Note every line in the entries that contains the string "Black", and copy it.

─── SUPPLIED MATERIAL ───

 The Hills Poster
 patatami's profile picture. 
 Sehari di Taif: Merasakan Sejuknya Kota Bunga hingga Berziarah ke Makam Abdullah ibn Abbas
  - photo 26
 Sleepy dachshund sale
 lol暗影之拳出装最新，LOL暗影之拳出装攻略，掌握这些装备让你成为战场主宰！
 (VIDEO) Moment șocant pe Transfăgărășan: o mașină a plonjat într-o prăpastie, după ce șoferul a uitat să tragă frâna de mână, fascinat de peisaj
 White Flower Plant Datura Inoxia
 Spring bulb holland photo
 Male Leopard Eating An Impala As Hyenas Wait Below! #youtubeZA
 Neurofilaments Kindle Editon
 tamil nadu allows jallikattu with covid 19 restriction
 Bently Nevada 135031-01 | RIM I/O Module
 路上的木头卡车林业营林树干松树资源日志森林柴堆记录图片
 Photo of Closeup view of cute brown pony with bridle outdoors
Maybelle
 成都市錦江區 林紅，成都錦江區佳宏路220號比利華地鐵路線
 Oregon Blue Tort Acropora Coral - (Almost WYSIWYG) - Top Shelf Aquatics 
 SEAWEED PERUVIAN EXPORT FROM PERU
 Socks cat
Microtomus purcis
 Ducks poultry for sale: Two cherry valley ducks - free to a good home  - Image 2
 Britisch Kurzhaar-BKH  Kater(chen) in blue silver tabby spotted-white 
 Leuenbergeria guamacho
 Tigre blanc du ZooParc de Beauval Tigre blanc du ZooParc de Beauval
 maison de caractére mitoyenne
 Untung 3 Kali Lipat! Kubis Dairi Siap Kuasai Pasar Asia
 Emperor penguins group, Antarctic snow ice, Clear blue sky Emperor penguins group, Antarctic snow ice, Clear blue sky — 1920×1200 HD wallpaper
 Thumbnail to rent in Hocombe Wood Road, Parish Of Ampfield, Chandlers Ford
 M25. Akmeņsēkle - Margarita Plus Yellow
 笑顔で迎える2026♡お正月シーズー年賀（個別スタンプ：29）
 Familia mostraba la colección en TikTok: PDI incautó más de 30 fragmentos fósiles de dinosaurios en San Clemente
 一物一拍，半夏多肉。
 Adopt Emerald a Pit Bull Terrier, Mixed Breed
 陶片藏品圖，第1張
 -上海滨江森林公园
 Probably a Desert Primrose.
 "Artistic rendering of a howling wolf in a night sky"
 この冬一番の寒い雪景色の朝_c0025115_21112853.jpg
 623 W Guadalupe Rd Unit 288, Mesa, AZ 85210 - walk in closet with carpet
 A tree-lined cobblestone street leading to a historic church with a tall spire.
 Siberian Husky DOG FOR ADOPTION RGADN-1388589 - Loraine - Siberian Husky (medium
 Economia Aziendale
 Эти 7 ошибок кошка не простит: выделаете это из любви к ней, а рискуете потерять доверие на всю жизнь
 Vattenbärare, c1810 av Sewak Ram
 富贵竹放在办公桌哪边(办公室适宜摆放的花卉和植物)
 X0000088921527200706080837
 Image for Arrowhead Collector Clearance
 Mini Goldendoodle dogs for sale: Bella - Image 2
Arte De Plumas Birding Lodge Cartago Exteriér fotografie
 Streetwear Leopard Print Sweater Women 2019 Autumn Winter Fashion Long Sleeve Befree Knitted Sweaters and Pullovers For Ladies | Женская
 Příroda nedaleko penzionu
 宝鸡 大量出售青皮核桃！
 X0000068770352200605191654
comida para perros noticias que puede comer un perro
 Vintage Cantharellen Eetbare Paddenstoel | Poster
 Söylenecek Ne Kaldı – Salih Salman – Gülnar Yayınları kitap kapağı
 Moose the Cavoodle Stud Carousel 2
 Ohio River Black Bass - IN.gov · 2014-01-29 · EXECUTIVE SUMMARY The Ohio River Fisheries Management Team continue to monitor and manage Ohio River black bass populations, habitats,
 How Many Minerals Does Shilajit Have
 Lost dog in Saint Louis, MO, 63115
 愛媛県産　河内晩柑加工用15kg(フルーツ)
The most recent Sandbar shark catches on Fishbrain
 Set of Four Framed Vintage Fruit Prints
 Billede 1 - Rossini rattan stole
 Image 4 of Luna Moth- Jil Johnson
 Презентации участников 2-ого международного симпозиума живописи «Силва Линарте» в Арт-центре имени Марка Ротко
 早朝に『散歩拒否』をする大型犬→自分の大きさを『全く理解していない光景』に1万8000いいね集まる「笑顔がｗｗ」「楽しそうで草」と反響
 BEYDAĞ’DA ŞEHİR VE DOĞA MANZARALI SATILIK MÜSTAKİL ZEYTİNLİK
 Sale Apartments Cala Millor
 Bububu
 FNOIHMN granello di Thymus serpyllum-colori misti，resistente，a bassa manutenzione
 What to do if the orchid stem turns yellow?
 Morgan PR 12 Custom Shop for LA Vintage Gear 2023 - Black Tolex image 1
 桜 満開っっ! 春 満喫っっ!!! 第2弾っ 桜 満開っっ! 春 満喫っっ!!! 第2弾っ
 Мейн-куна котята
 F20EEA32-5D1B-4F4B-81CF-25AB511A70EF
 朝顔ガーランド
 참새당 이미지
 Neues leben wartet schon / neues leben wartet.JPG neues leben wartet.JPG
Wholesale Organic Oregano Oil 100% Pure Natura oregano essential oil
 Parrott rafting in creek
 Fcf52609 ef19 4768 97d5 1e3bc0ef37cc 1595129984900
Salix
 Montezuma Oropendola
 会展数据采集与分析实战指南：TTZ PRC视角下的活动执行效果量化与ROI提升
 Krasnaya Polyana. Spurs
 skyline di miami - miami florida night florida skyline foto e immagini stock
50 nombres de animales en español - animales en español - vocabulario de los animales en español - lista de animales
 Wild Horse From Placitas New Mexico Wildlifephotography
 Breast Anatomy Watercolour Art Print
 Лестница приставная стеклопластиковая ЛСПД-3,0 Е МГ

───

## ANSWER SPACE
 Ohio River Black Bass - IN.gov · 2014-01-29 · EXECUTIVE SUMMARY The Ohio River Fisheries Management Team continue to monitor and manage Ohio River black bass populations, habitats,
 Morgan PR 12 Custom Shop for LA Vintage Gear 2023 - Black Tolex image 1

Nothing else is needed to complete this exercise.